▶ [Directions for this task]:
For this task, extract exactly the lines of the data below, from the line containing "Mind Map: Grade 11 STEM Subjects" through the last one, with pictures left out.

▶ [Collected material]:
__________________________________________________

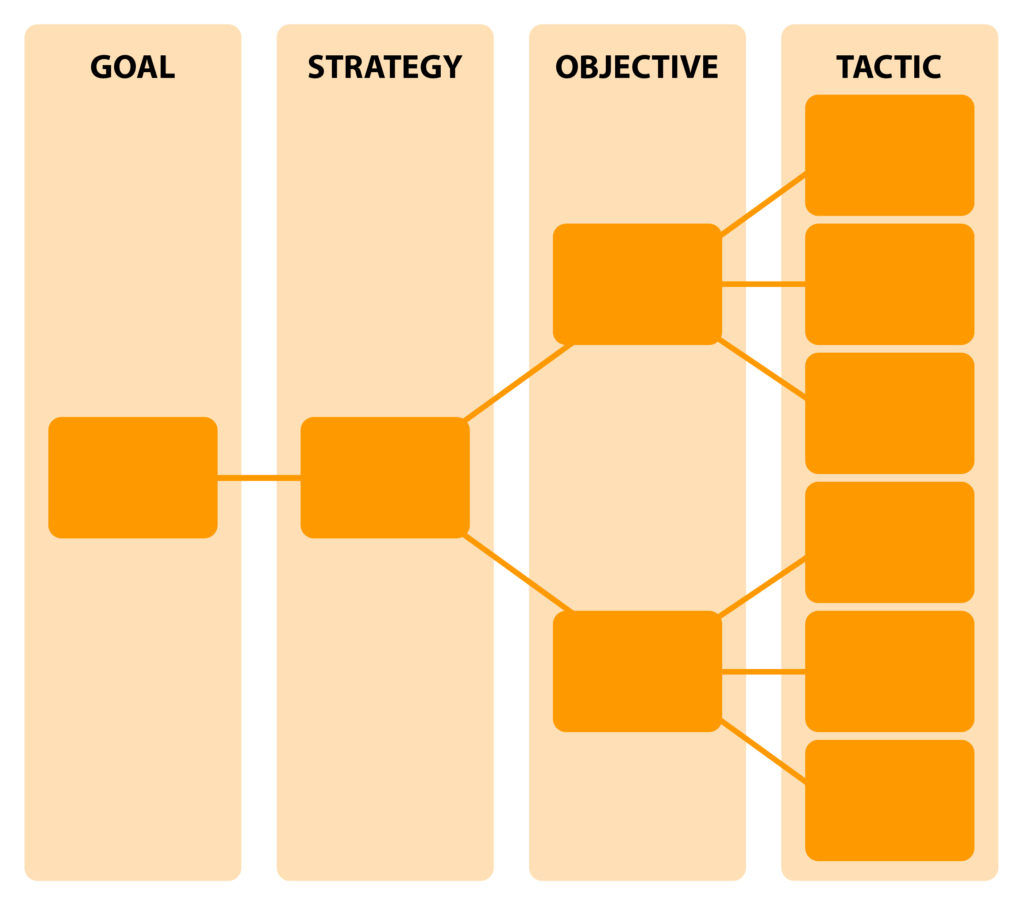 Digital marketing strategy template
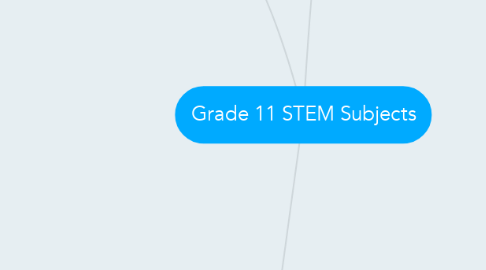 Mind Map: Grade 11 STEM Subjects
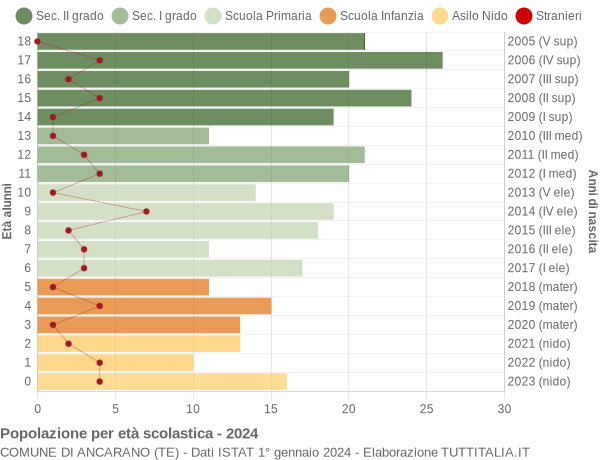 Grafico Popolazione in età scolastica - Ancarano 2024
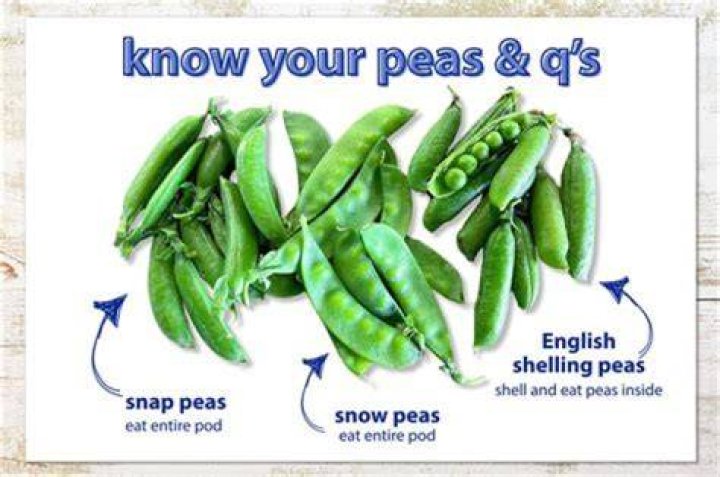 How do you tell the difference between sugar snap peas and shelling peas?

__________________________________________________

▶ [Answer below]:
 Mind Map: Grade 11 STEM Subjects
 Grafico Popolazione in età scolastica - Ancarano 2024
 How do you tell the difference between sugar snap peas and shelling peas?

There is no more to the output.